Si Maurice fait figure de bon élève au niveau africain, il n’empêche qu’il se passe rarement un mois sans qu’un nouveau scandale n’éclate et atterrisse à l’ICAC et de là, cela prend des années avant d’arriver à une conclusion. Retour sur quelques affaires qui ont mobilisé l’opinion publique depuis l’année dernière…

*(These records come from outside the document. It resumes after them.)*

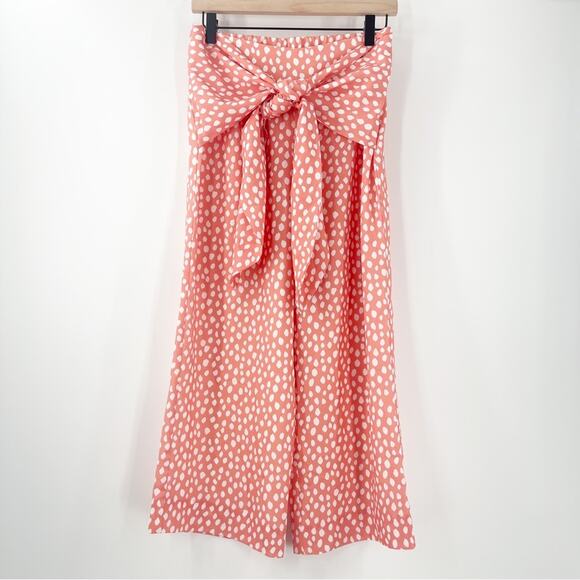 CROSBY BY MOLLIE BURCH Dorothy Pants Small Cropped Wilcat Clay Retail $188 NWT - Picture 2 of 16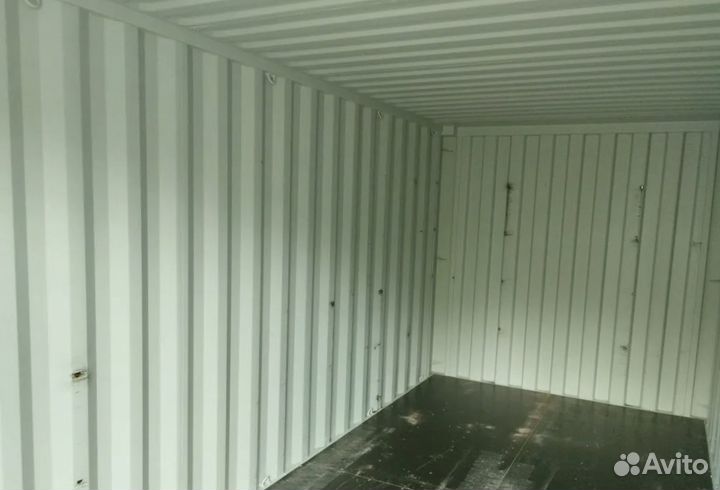 Морской контейнер 20 футов бу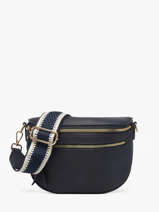 Sac Banane Sangle Gallantry Bleu sangle 8
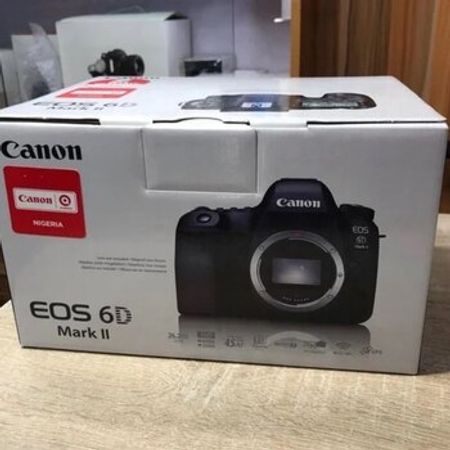Canon EOS 6D Mark ll – Foto texnika – ucuztap.az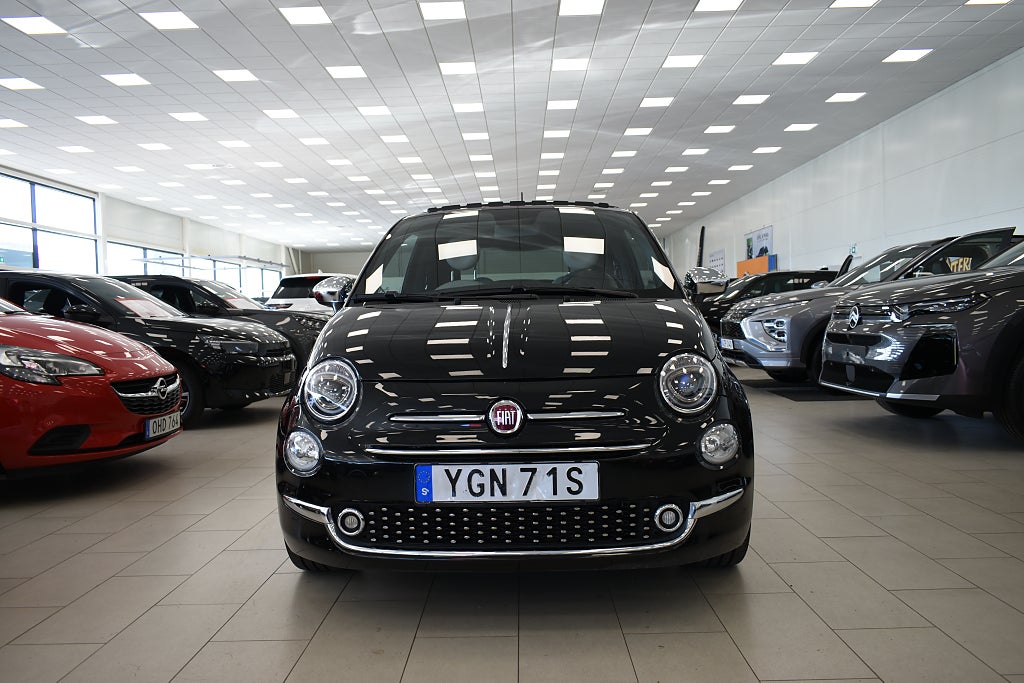 Fiat 500 Hybrid Lounge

Arrestation de Vijaya Sumputh

Elle a été arrêtée par l’ICAC ce mardi et libérée contre une caution de Rs 40 000. Il lui est reproché d’avoir participé aux procédures du conseil d’administration qui lui a octroyé une allocation de Rs 45 000 mensuellement peu après sa nomination et une autre de Rs 100 000, portant son salaire total à Rs 323 000. Cette affaire avait été révélée au Parlement en mars 2017 alors qu’Anwar Husnoo, qui venait de récupérer le portefeuille de la Santé, répondait à une question parlementaire de Rajesh Bhagwan. Un fact-finding committee a été instauré en avril 2017, le rapport soumis au Premier ministre en novembre de la même année et l’affaire référée à l’ICAC dans la foulée. Le 30 janvier et le 15 février 2019, Vijaya Sumputh a été convoquée à l’ICAC pour interrogatoire. Les deux fois, elle est repartie libre. Il a fallu attendre cette semaine, juste après l’intervention d’Anil Gayan sur les ondes de Radio Plus, pour qu’il y ait un développement.

Affaire Kistnen

Tout a débuté par la découverte du corps carbonisé de Soopramanien Kistnen dans un champ de cannes en octobre 2020 et la conclusion de la police qu’il s’agissait d’un suicide. Il aura fallu l’instauration d’une enquête judiciaire par le DPP pour que toute la portée de cette affaire soit dévoilée. Emploi fictif, allocation de contrats aux amis, dépassement des frais de campagne, zones d’ombre autour de l’autopsie… Dès le début de cette affaire, la veuve du défunt, Simla Kistnen, avait porté plainte à l’ICAC pour emploi fictif comme constituency clerk et elle avait été convoquée en janvier de cette année pour des compléments d’informations. Depuis, rien, sauf une descente de l’ICAC pour la saisie d’appareils électroniques dans le cadre de l’allocation d’un contrat pour nettoyage à un proche de l’ancien ministre Yogida Sawmynaden.

Le scandale Saint-Louis

Un communiqué de la Banque africaine de développement (BAD), émis en juin 2020, tombe avec fracas. La compagnie danoise Burmeister & Wain Scandinavian Contractor (BWSC) est interdite de proposer ses services aux projets financés par la BAD car il a été établi que cette firme avait donné des pots-de-vin à des membres de l’administration mauricienne pour avoir accès à des documents sur l’appel d’offres pour ce projet. L’ICAC démarre une enquête et peu après, l’opposition déplore le fait que le dossier est désormais dans la cover-up machine. Quelques semaines plus tard, Ivan Collendavelloo, dont le nom serait mentionné dans le rapport de la BAD, est révoqué. Plusieurs arrestations ont eu lieu depuis : Swaley Kasenally, ancien ministre de l’Énergie et consultant de la firme danoise, Shamsheer Mukoon, ancien directeur par intérim du CEB, Manoj Kumar Jahajeea, principal engineer du CEB et Alain Hao Thyn Voon, directeur de PADCO. C’est l’une des enquêtes de l’ICAC qui semble avancer le plus rapidement. Une nouvelle arrestation ayant eu lieu hier même, à savoir celle de Roshan Seeram, «project manager» de PADCO.

Angus Road

Le paiement pour un terrain acquis par le Premier ministre et son épouse est un dossier qui mobilise l’opposition parlementaire et extra-parlementaire en permanence. Cette transaction, qui a débuté en 2003, reste sans réponses. Pourquoi une tierce personne paie pour un terrain qui ne lui revient pas ? Il y a plusieurs enquêtes de l’ICAC à ce sujet, et certaines ont été classées sans suite. Cependant, lors d’une réponse déposée au Parlement en novembre, le Premier ministre a fait savoir qu’il n’y a pas d’enquête policière, mais une enquête de la commission anti-corruption en cours. Jusqu’à présent, aucune convocation n’a été faite dans cette nouvelle enquête.